There are many different types of clinical studies and trials. Some will require active participation on a regular basis, such as an exercise, lifestyle or diet study. Other research studies may require participating in group or one-on-one counseling or completing surveys and relevant questionnaires. Still other studies may include participating in drug studies or specific types of medical treatments.

Drug studies are usually comprised of a study group and a control group. The control group is usually provided with a placebo, which contains no active drugs or medications, or the standard treatment to compare with the study drug. If there is a chance that a placebo will be used all participants must be informed of the fact. Participants will not be told during the study if they are getting the new medication or if they are receiving the placebo.

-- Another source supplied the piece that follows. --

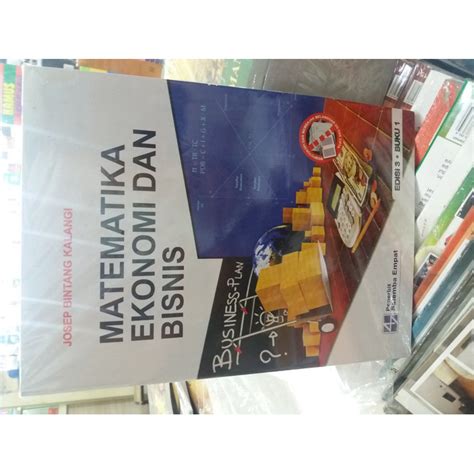 Jual BUKU EKONOMI BISNIS MATEMATIKA EKONOMI DAN BISNIS BUKU 1 JOSEP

Randomized clinical trials are designed to prevent any bias in assigning participants to various parts of the study. Randomized trials can include medications or they can include larger studies of lifestyles, health issues, exercise or other related study parameters. Some randomized trials include filling out surveys or questionnaires and may include people’s thoughts and beliefs about diabetes. One such example was a large group study of women and children living in high poverty areas of large urban centers.

Researchers were attempting to determine if a link existed between the development of diabetes and the specific neighborhood of residency. Women were provided counseling and vouchers to help move to less poverty stricken neighborhoods, given vouchers to live in any neighborhood but no counseling or were not provided with either vouchers or counseling. The women and children were monitored for two years to include weight, height and glycated hemoglobin levels. Results found that women and children that received vouchers for lower poverty neighborhoods and counseling had a modest improvement in levels of obesity and diabetes.2

Safety And Ethics

Many people are worried about possible health risks in participating in clinical trials. However, all researchers must follow ethical principles and scientific protocols when designing and implementing a study. The clinical trials are reviewed by the research organization and an ethics board before the study can begin.

As with all new types of treatments and drug therapies, there may be a risk involved in participating in a clinical study. Researchers must disclose any possible risks and will actively screen out participants that may have health issues that would put them at risk during the study. Many of the diabetes clinical trials include medications or lifestyle choices that need to be discussed with the clinical study team as well as with your primary physician.

Commitment To The Trial

Many diabetes clinical trials are designed to track changes in weight, health, quality of life, blood glucose levels, lipid profiles, kidney functioning, neuropathy or cardiovascular health over long periods of time. These trials may last several months and may have follow-up interviews years after the original clinical trial. For example, one recently reported trial followed patients with type 2 diabetes through an exercise and diet intervention for 1 year. The results were positive for both the men and women that participated in the trial with men seeing greater improvements in fat distribution than the women. 3

Understanding the time commitment and the specific protocols you agree to over the time period of the trial is also critical. It is important to keep in mind that the information obtained from the trial will assist with better understanding of the specific focus of the study, which is a wonderful opportunity to help others and expand knowledge on this increasingly common disease.

References

1 Pre-enrollment Information. (n.d.). Retrieved from American Diabetes Association: http://www.diabetes.org/news-research/research/clinical-trials/pre-enrollment-information.html

2 Ludwig, J., Sanbonmatsu, L., Adam, E., et al. (2011). Neighborhoods, Obesity, and Diabetes — A Randomized Social Experiment. The New England Journal of Medicine , 1509-1519.

3 Albu, J. B., Heilbronn, L. K., Kelley, D. E., et al. (2010). Metabolic Changes Following a 1-Year Diet and Exercise Intervention in Patients With Type 2 Diabetes. Diabetes , 627-633.